The Regina Maris is anchored

Students Daya and Ono take us to the bridge, where nautical charts are spread out on the chart table. The classroom is on deck, more or less under the open sky—during storms, it can be moved to the mess. A student flaps by with flippers, hammocks with fruits sway over the tables. In the kitchen, some students are preparing lobsters they bought from the local Guna. Everyone speaks enthusiastically about life at sea and on the Regina Maris, an adventure of a lifetime that teaches them flexibility and sparks their curiosity about the world.

The island paradise of San Blas looks like a mystical fairy tale as we slowly explore the paradise island by island. Hundreds of small sand heaps lie scattered in the crystal-clear, turquoise waters. Some have a few coconut palms, one or two huts with palm-thatched roofs, while others are inhabited only by pelicans or sand fleas. San Blas is inhabited by the Guna, about 50,000 indigenous people, and managed as the autonomous territory of Guna Yala.

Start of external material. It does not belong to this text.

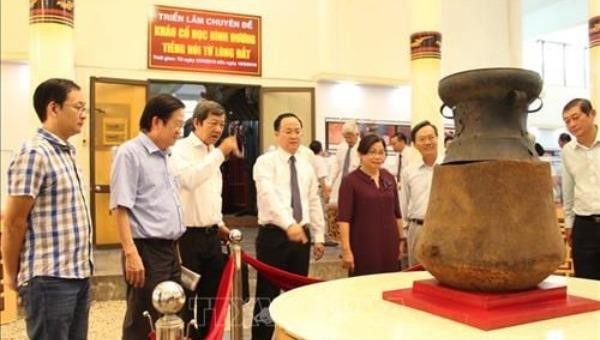 Du khách chiêm ngưỡng Bảo vật quốc gia "Mộ Chum gỗ nắp trống đồng Phú Chánh" trưng bày tại Bảo tàng tỉnh Bình Dương. (Ảnh: TTXVN)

Like out of a travel catalog or Instagram these days

We anchor off the island of Salardup. It doesn’t take long before two Gunas paddle by, offering fish and lobsters for sale. Shortly after, another boat chugs over. A woman holds up a kitchen apron and a wine bottle holder made of colorful, layered fabrics—traditional molas, embroideries meant to ward off evil spirits. The woman is known throughout the archipelago as Mola Lisa.

When Mola Lisa was born 62 years ago, she was not a girl but a boy. “When I was six years old, my mother realized that I was different, unique. She taught me to make molas, explained the mystical meaning of the various embroideries, and dressed me in girls’ clothes. Girls and women are the keepers of tradition and knowledge among us, and if a boy wants to be a girl, it is welcomed.” Mola Lisa is an “Omeggid,” which in the Guna language means “like a woman.” Although Mola Lisa is not married, she has taken on the upbringing of her niece and nephew after their father left the family. She performs the same tasks as other women and holds the status of a woman on her island, which brings much respect in a community like that of the Guna.

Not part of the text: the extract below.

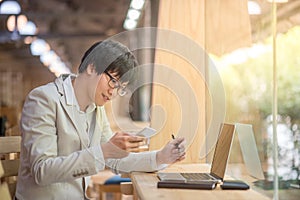 Business man using smartphone and checking his work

Mola Lisa, as we are on our way to the river

Among the Guna, women still hold the power, even though most official positions are held by men. However, it is the women who manage the money and possessions and make important family decisions. “Women are more important because they pass on the traditions and culture, and because God sent a woman to Earth to keep these traditions alive,” says Mola Lisa. That’s why girls are showered with gifts, while boys have to be content with less. After marriage, the husbands move in with their brides’ families, not the other way around as in India, for example. The most important celebrations, such as the transition to puberty, are held for women. There are many rituals for girls, such as a ritual when they get their first period. Then the men go into the forest to gather special leaves. The girl is then bathed in a leaf decoction for four days and then painted black so that everyone knows she is no longer a girl but a young woman. “We still maintain our traditions today. They are what give us cohesion and protection,” says Mola Lisa.

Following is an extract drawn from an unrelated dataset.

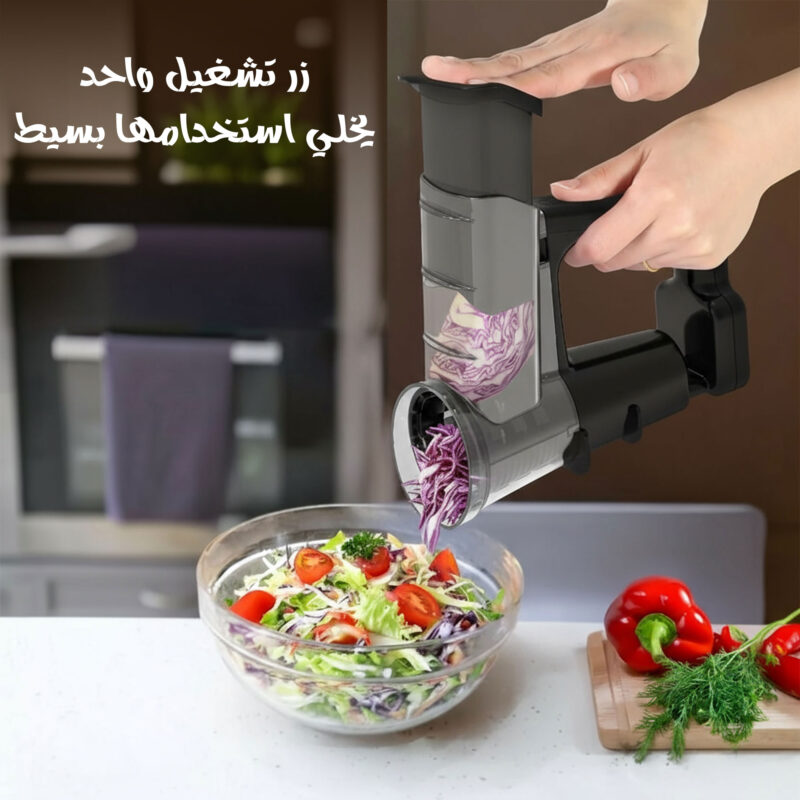 يد تستخدم القطاعة الكهربائية لتقطيع الخضار، مع وعاء سلطة أسفل الجهاز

The “Swimming Pool” is very popular

Protect from what? From the changes. Tourists and modern means of communication have made their way to the archipelago in the past two decades. “When I arrived here with my sailboat 16 years ago, I had to fly in spare parts by ship or a tiny propeller plane because there was no road through the jungle. There were no phone connections, and no internet,” recalls 82-year-old American Susan Richter, who has made the archipelago her adopted home. Now there is a paved road through the jungle, leading directly from San Blas to Panama City.

Susan aboard Mabul

Since the government erected a cell tower on one of the islands, the Gunas, too, have been connected to the world through their smartphones, which have also taken over the islands. Susan was one of the first sailors to settle here with her boat, but the archipelago has long been discovered as an insider tip by charter companies and other sailors. With the foreign guests came the dollars.

“Previously, coconuts were our currency; today, it’s all about money. Everyone wants it,” says 73-year-old Guna Victor Morris. He lives with his wife and four other families on an island next to a particularly popular anchorage. Stingrays and nurse sharks swim past the boats, but fish are hardly seen anymore. The lobsters the Gunas offer from their canoes are usually still small and young, and even during the closed season from March to May, they are hunted and offered for sale, says sailor Richter.

Victor Morris

Mola Lisa also talks about overfishing: “When I was a child, we fished with lines from wooden canoes; today, most of our boats are motorized, and we have trawl nets. We used to catch 30 or 40 fish a day and distribute them among all the villagers. Today, there are far fewer fishermen, and what we catch, we sell to tourists.” While the traditionalists in the villages blame the tourists for the fish shortage and the growing waste problem, Mola Lisa says, “It’s not the tourists’ fault, it’s ours. We welcomed the tourists because we wanted their money. We catch too many lobsters and fish because we don’t understand that we’re destroying our livelihood.” There are actually rules, but the archipelago is so large that enforcing them where someone wants to break them is difficult. The only thing that would help is education, understanding of connections, responsibility, says Mola Lisa, who has sent her niece and nephew to Panama for higher education.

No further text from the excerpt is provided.